As well as the coastal raids, In 406 Germanic and Alan tribes began invading from the east, followed by dispersed settlements mainly in the Pays de Bray, Pays de Caux and Vexin. Toponymy suggests that the various barbarian groups had installed themselves and formed alliances and federations already at the end of the 3rd century, well before the fall of the Western Roman Empire in 476. Modern archeology reveals their presence in different Merovingian cemeteries excavated east of Caen.

The situation was so severe that the Romans recruited Germans into their armies to fight the Germanic barbarians. An entire legion of Sueves was garrisoned at Constantia (in the pagus Constantinus), the administrative center of the Unelli tribe. Batavi were garrisoned at Civitas Baiocasensis (Bayeux ).

Non-Germanic elements such as the Alan-Sarmatians were also involved, as indicated by Pontic-Danubian artifacts found at Saint-Martin-de-Fontenay, but the Notitia dignitatum does not mention them for Lyonnaise Secunda, and no toponymic or lexical trace can be attributed to them in this province. These immigrants were granted permission to settle in the Empire.

==Christianity==
Christianity also began to enter the area during this period and Rouen already had a metropolitan bishop by the 4th century, although there is a tradition that Saint Mellonius was ordained Bishop of Rouen in the mid-3rd century. The ecclesiastical province of Rouen was based on the frame of the province, whose limits corresponded almost exactly to the future duchy of Normandy.
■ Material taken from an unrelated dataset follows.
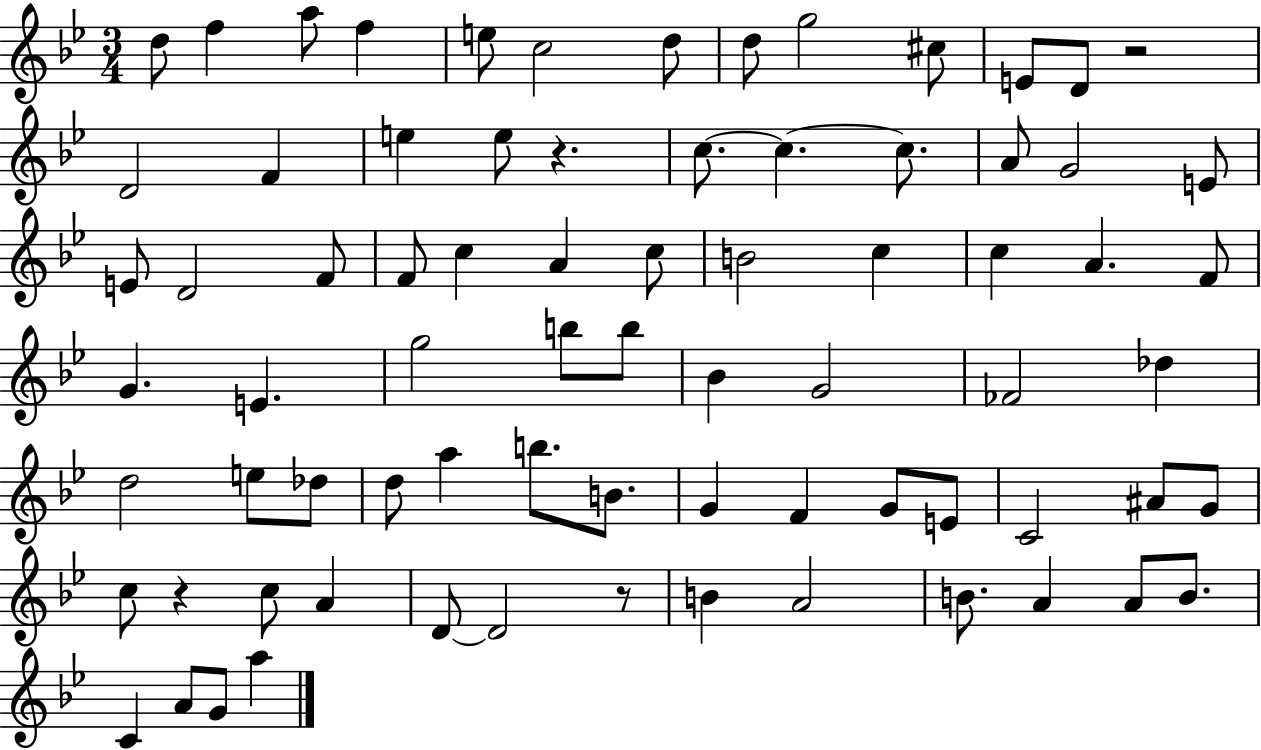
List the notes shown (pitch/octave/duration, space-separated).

D5/e F5/q A5/e F5/q E5/e C5/h D5/e D5/e G5/h C#5/e E4/e D4/e R/h D4/h F4/q E5/q E5/e R/q. C5/e. C5/q. C5/e. A4/e G4/h E4/e E4/e D4/h F4/e F4/e C5/q A4/q C5/e B4/h C5/q C5/q A4/q. F4/e G4/q. E4/q. G5/h B5/e B5/e Bb4/q G4/h FES4/h Db5/q D5/h E5/e Db5/e D5/e A5/q B5/e. B4/e. G4/q F4/q G4/e E4/e C4/h A#4/e G4/e C5/e R/q C5/e A4/q D4/e D4/h R/e B4/q A4/h B4/e. A4/q A4/e B4/e. C4/q A4/e G4/e A5/q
The name Lugdunensis Secunda was the official title for the ecclesiastical province into the eighteenth century.

==Kingdom of Soissons==
Eventually in 457, Aegidius established the Domain of Soissons which covered the area (with its seat the town of the same name Soissons, formerly the seat of the Suessiones), independent of and cut off from the Empire but with citizens nevertheless still considering themselves Roman. His son Syagrius succeeded him in 464 and remained until the kingdom was conquered in 486. Rural villages were abandoned and the remaining "Romans" confined themselves to within urban fortifications.

Some form of Roman rule, although cut off from other parts of the Western Roman Empire was maintained in the fifth century by the Domain of Soissons which controlled North Eastern France, although this effectively ceased to exist in AD 486/487 when the Roman general Syagrius was defeated by the Franks.